On the surface, Polk Audio's little L100 bookshelf may seem like the least interesting offering in the company's new Legend Series lineup. That's especially the case when you consider that the upper end of the lineup, the L800, includes the return of distinctive Polk technologies like Stereo Dimensional Array. Heck, the L100 isn't even compatible with the line's Legend Series Height Module, which adds an up-firing element to the L600 and aforementioned L800.
But don't discount this compact wunderkind. While the L100 may not pack quite as much in the way of whizbang wizardry as its bigger brethren, it's still representative of the design philosophy that went into the overall Legend Series lineup. At $1,199 per pair, the L100 boasts the same Pinnacle Tweeter as the rest of the family--a newly designed one-inch ring radiator that extends the speaker's frequency response up to 38,000 Hz (±3dB). This two-way speaker also features a 5.25-inch version of the Turbine Cone driver found throughout the line, which is essentially a foam-core woofer with molded spiral protrusions that enhance the rigidity of the driver without adding mass.
To see the niftiest of the L100's features, though, I would argue that you need to spin the 13.64-inch tall, 7.78-inch wide, 11.29-inch deep cabinet around and take a gander at its derrière. There'll you'll find what Polk refers to as the Enhanced Power Port, which is something of a familiar sight for Polk fans (the LSiM703, for which the L100 could be considered a replacement, boasted a similar structure).
We'll be touching on the Enhanced Power Port quite a bit in the Hookup section, so I won't dwell on it much here in the intro, but in short, it effectively inserts a cone (or anti-funnel of sorts, if you will) into the mouth of the rear-firing port of the speaker to promote laminar airflow. It also has the side-effect of dispersing the ported sound parallel to the back surface of the speaker, which changes the way the L100 interacts with the room.

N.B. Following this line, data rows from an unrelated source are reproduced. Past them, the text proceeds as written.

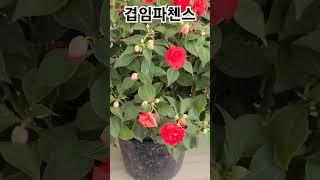 #은혜화훼판매장 #겹임파첸스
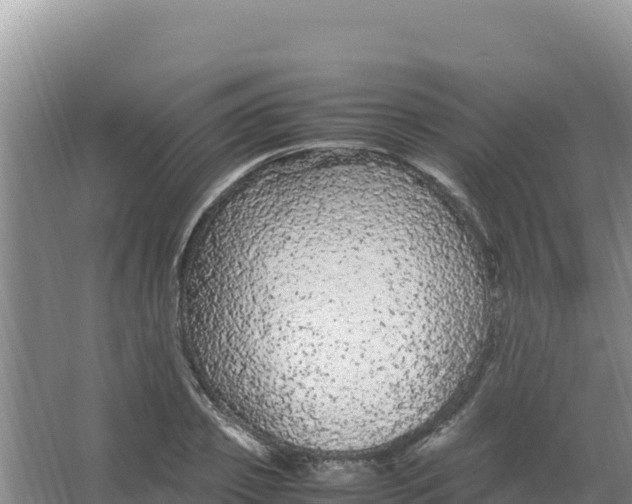 X0000066940933200604142020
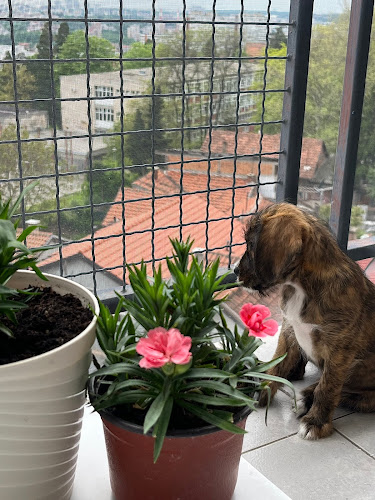 Dr Ljuba Vet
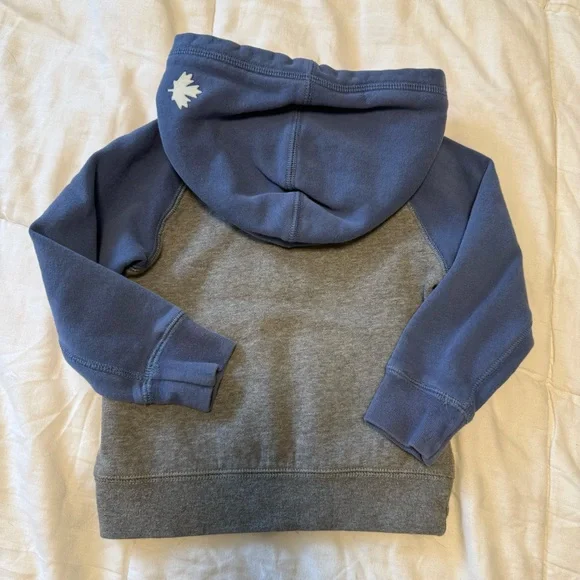 2T Roots Hoodie - Picture 3 of 3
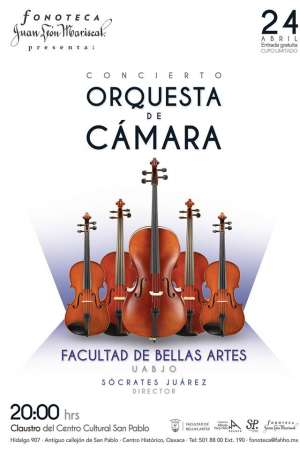 Orquesta de Camara en concierto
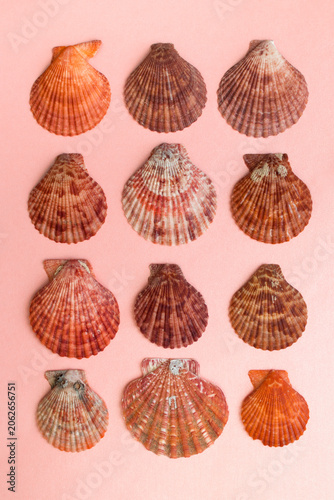 Overhead view on assorted colorful textured seashells on pink background.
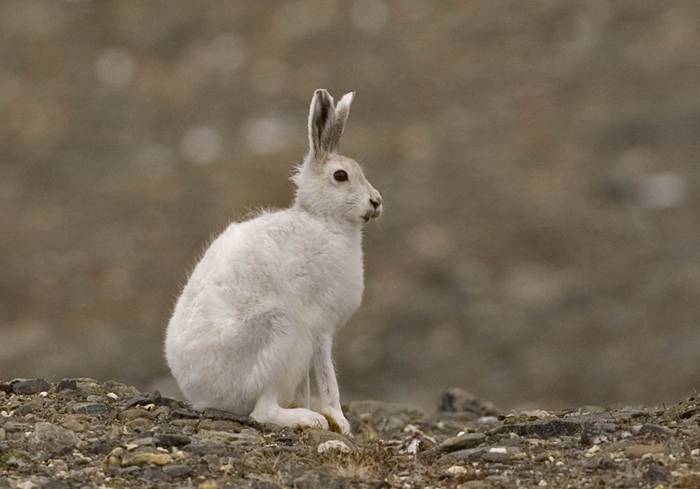 DK, Greenland, Bliss Bugt, Arctic Hare, 2007, IMG_3527CU1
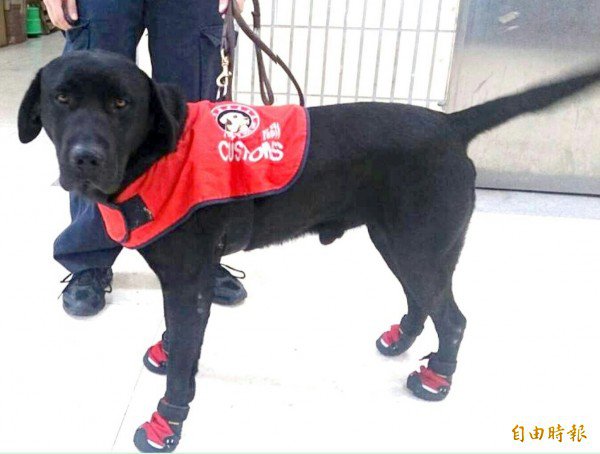 国际邮包运大麻，瞒不过缉毒犬灵鼻。（资料照，记者姚介修摄）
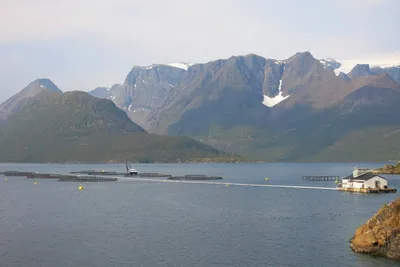Fortsatt tyst fra Cermaq og Grieg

One thing worth pointing out is that the Enhanced Power Port does add to the depth of the speakers, accounting for roughly an inch-and-a-half of its 11.29-inches from front to back. It does little, in my opinion to take away from the elegant simplicity of the speaker, which is available in your choice of a black ash or brown walnut veneer (the latter of which I've only seen in photos and at CEDIA Expo, as my review samples were finished in the former. But given my druthers, I would greatly prefer the brown walnut).
The L100 also comes equipped with a magnetically affixed grille that Polk says was designed with minimal sonic interference in mind. I'll admit that I don't always have a strong preference one way or another for grilles-on or grilles off, but I think displaying the L100 in the altogether does go a long way toward shifting the aesthetic emphasis more toward the elegant and less toward the simple end of the design spectrum. I dig the look of the ring tweeter, as well as the vortex-like design of the Turbine Cone.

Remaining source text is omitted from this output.